In the U.S.S.R. the principle of socialism is realized: "From each according to his ability, to each according to his work."
— Constitution of the Union of Soviet Socialist Republics, Article 12
Oh, dear. I really hate to be a Chicken Little, running around in circles, screaming "The sky is falling! The sky is falling." But what's a worrywart like me to do when he sees the growing chasm between what the Obama administration says and what it actually does? Why is "I am not a socialist" ringing the same warning bell that "I am not a crook" rang when President Nixon said it?
President Obama says he does not want to run the automobile industry. Good. Yet who was it forced the resignation of General Motors' CEO Rick Waggoner, flexing the muscle given him by federal bailout loans to GM? Obama and "Car Czar" Steven Rattner have given the tottering car company a June 1 deadline to come with a corporate reorganization plan. The plan the White House "suggests" would give the U.S. Treasury and the UAW practical ownership of GM (existing shareholders would be left with but a 1 percent stake). It would require private holders of secured GM debt to take a "haircut" making the one Argentina's former President Nestor Kirchner gave his country's lenders look like a fashionable trim.
Why do you suppose the administration endorses such favored treatment for the UAW, when it is the union's featherbedding work rules that did so much to bring Detroit's Big Three to the brink of oblivion? It couldn't possibly be the campaign contributions the UAW has lavished, for years, on Democrats now calling the shots in Washington, could it? No, of course not. Perish the thought.
How well has the union protected the interests of its membership, really? Here are two interesting numbers. In 1970, at the height of GM's dominance as the world's largest producer of cars and trucks, the company employed 395,000 mostly union workers. Under the reorganization touted by the Obama administration and UAW leadership, that number will shrink to some 38,000. With friends like these… .
Privately owned (for now) Chrysler, as everyone who drives a Jeep or a Dodge Ram pickup knows only too well, is now in bankruptcy court. President Obama castigated some holders of secured debt who refused to do the patriotic thing by accepting the haircut he planned for them. He asked them to accept roughly 30 cents on the dollar, far less than what the Treasury and the UAW would realize.

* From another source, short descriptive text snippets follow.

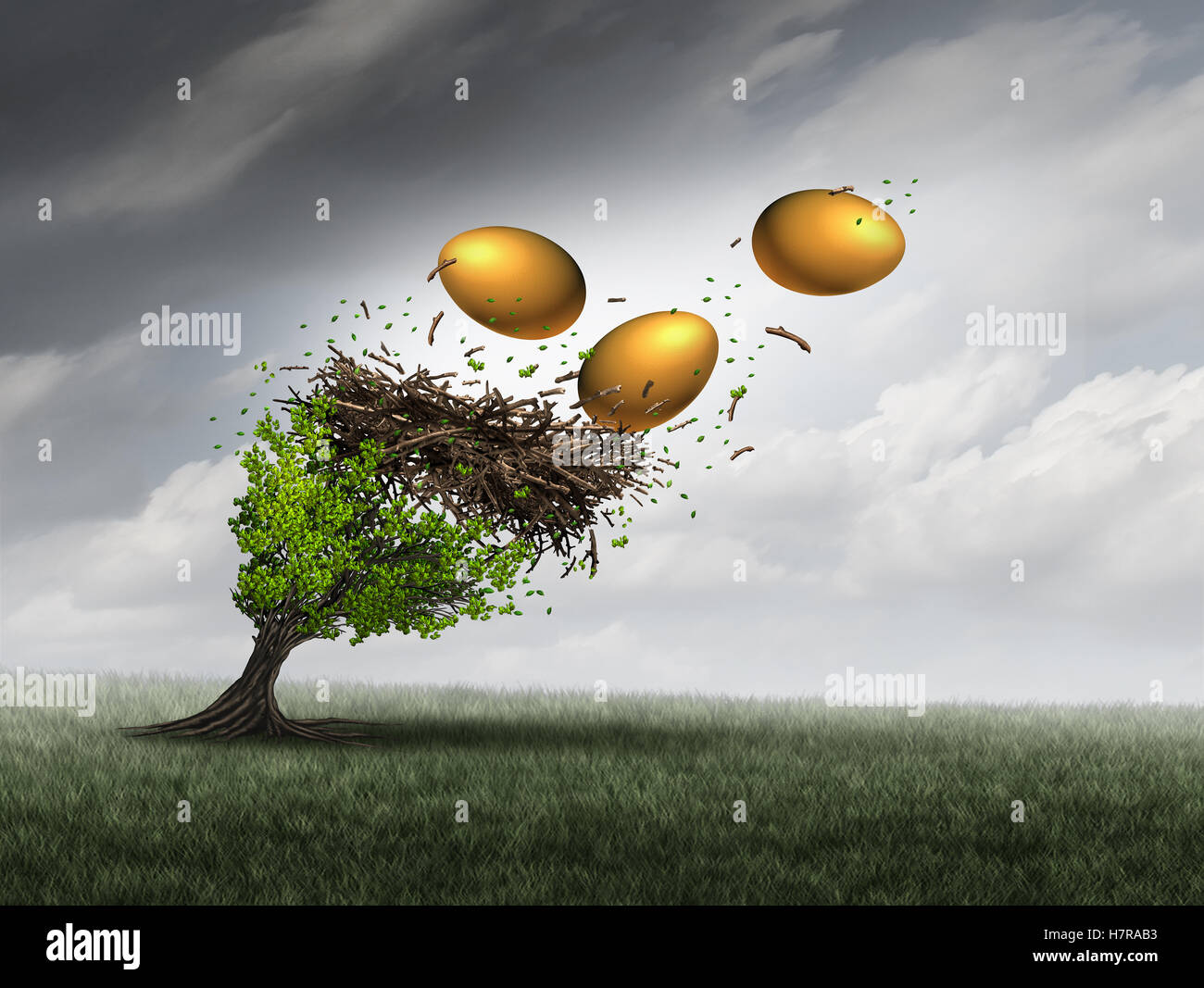Retirement fund crisis concept as a tree in peril with a nest and gold eggs falling out during a destructive thunder storm as a Stock Photo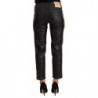 Pantaloni cropped in cotone a vita media glitterati neri - IT40-S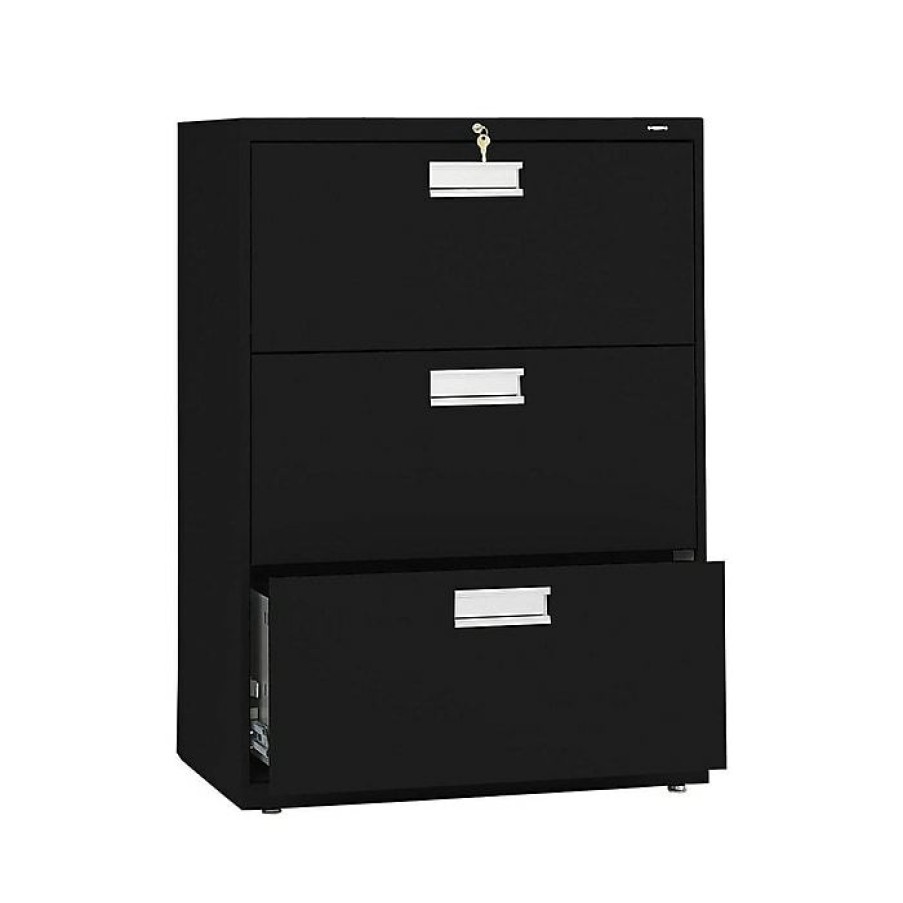 * Hon Brigade 600 Series 3-Drawer Lateral File Cabinet, Locking, Letter/Legal, Black, 30 W (H673.L.P)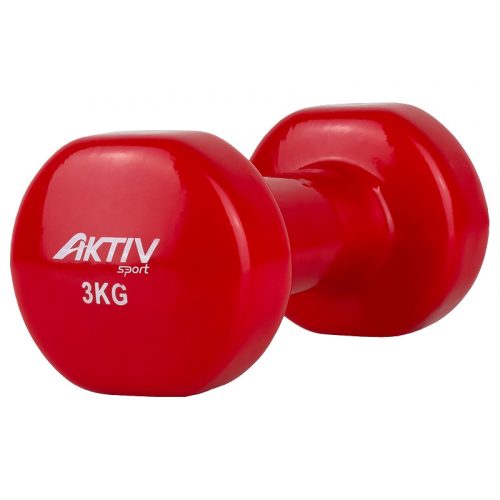 Kézisúlyzó vinyl Aktivsport 3 kg piros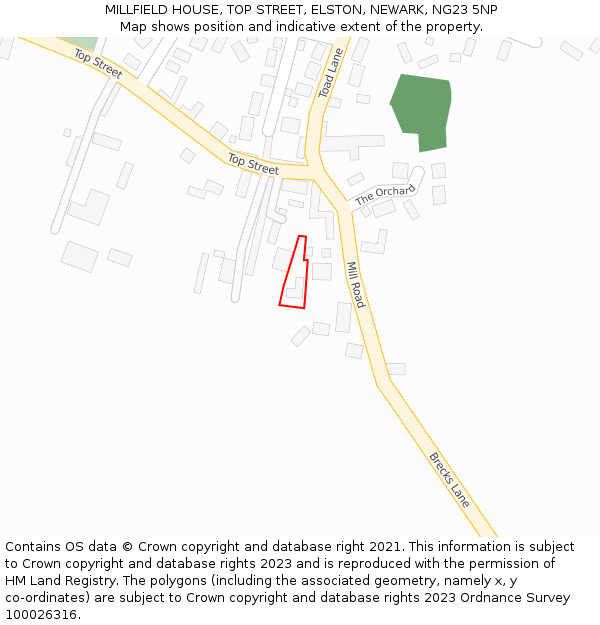 MILLFIELD HOUSE, TOP STREET, ELSTON, NEWARK, NG23 5NP: Location map and indicative extent of plot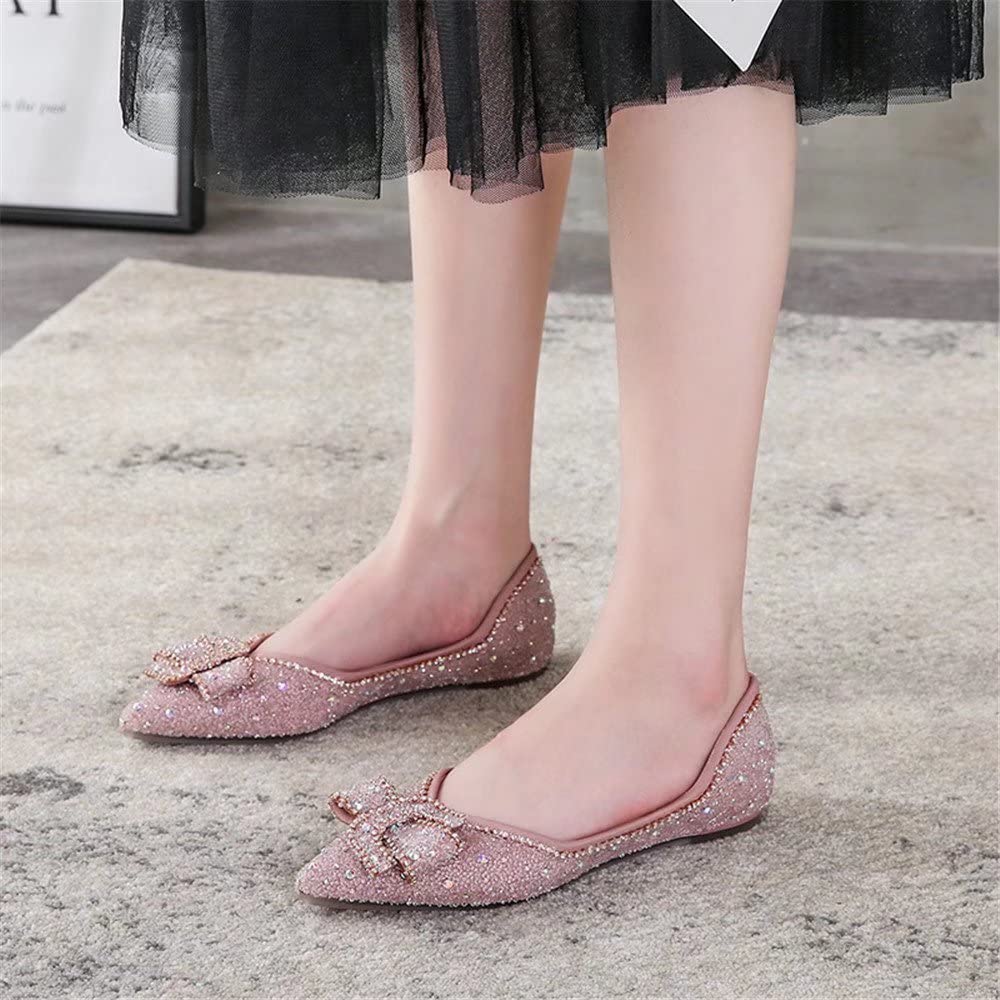 Sparkling Rhinestone Ballet Flats for Women - Elegant Bowknot Pointed Toe Slip-On Wedding Shoes | Perfect for Bridal Party, Prom, Evening Events & Special Occasions
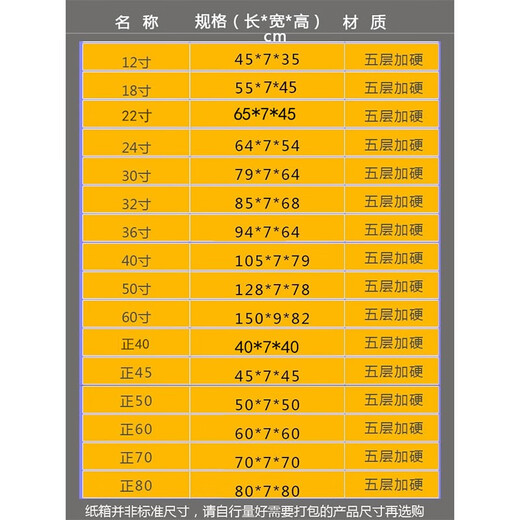 Qianheng mirror oil painting paper box decorative painting photo frame wedding photo packaging box storage box square flat carton single carton 105*7*79 (40 inches)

The administration has given the judge overseeing Chrysler's bankruptcy helpful suggestions along the lines GM has been "asked" to consider. Let's hope the judge is one who puts the law on at lest an equal footing with the Administration's concept of "fairness."
Ford Motor Company is the only one of the once but no longer Big Three to reject, as of now, taxpayer bailout billions and the long arm of Federal oversight that goes with them. (Sort of makes you want to go out and buy a Ford, doesn't it?) And speaking of Ford, do you remember Henry Ford's famous quip, "You can buy one of my cars in any color you like — so long as it's black"? It's not hard to see a day coming when some future government-installed CEO at GM or Chrysler will have his own take on that: "You can buy any of my cars you like, so long as it's green."
The automobile industry, of course, is but one of the "commanding heights" of the U.S. economy today frozen like a deer in the oncoming headlights of the all-seeing, all-wise Obama Administration. The insurance industry and the banks, particularly those deemed "too big to fail," seem most vulnerable to White House and Treasury threats. Around the next curve of the road our country is following stands Big Energy. The weapon that will be used to batter it into submission is called "Cap and Trade."
Last to be forced to surrender to Big Government likely will be Big Labor. Then the transformation of the United States of America to the United Socialist States of America will be complete.
Yes, elections do have consequences. And in world history they often have not been the ones voted for or even dreamed of.
R.L. Schreadley is a former Post and Courier executive editor.